== Listed entries ==
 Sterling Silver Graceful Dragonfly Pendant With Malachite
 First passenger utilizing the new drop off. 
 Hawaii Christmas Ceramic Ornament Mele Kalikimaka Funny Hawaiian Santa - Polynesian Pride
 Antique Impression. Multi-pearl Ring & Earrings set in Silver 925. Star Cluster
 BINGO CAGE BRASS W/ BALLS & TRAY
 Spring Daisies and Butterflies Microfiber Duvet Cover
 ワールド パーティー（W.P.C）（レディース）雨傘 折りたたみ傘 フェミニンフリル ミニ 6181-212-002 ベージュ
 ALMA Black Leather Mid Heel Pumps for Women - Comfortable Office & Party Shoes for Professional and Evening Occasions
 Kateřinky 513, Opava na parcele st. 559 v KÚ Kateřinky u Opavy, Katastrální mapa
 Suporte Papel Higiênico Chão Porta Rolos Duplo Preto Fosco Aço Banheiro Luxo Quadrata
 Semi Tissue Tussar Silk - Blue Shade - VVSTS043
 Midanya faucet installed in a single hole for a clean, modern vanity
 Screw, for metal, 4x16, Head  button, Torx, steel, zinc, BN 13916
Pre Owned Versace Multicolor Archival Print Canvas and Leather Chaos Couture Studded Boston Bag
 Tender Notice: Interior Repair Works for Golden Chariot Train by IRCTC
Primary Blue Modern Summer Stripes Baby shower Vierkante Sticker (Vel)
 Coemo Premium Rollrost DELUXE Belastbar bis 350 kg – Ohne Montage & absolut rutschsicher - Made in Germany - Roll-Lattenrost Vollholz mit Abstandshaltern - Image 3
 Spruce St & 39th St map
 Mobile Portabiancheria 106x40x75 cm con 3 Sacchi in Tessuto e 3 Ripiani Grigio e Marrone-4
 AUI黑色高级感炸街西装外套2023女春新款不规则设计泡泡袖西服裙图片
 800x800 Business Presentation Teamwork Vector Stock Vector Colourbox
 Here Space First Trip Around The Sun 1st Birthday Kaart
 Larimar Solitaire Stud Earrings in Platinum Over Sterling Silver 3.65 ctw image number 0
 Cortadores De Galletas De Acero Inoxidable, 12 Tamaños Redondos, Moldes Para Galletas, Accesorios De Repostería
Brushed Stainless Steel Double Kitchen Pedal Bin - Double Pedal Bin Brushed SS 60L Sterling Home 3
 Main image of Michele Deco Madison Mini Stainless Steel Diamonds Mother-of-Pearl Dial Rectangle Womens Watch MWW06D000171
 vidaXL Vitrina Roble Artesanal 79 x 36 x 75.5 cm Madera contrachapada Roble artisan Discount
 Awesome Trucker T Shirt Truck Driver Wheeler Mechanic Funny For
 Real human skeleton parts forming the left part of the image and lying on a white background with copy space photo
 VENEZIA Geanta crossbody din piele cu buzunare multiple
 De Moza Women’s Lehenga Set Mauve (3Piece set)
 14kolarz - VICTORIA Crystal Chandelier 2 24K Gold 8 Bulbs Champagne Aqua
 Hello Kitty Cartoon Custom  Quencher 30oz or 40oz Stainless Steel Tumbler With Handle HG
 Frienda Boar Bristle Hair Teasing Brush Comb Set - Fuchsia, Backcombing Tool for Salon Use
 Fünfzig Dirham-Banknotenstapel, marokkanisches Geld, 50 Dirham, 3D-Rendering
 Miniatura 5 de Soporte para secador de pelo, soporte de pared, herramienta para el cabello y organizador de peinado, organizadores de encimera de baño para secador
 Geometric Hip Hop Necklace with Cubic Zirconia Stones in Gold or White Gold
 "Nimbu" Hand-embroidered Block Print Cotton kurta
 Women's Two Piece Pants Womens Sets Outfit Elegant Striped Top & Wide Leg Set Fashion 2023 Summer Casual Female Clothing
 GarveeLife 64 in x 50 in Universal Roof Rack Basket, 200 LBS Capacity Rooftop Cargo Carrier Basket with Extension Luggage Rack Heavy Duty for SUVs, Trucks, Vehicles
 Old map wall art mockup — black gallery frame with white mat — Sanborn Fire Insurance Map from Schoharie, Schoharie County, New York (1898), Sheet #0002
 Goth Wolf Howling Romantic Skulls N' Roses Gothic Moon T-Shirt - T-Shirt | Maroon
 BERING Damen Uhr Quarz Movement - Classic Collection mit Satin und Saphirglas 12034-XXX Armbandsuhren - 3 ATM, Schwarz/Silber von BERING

== What to do ==
Go through the listing above and find each line containing the string "Funny"; copy those lines.

== Task answer ==
 Hawaii Christmas Ceramic Ornament Mele Kalikimaka Funny Hawaiian Santa - Polynesian Pride
 Awesome Trucker T Shirt Truck Driver Wheeler Mechanic Funny For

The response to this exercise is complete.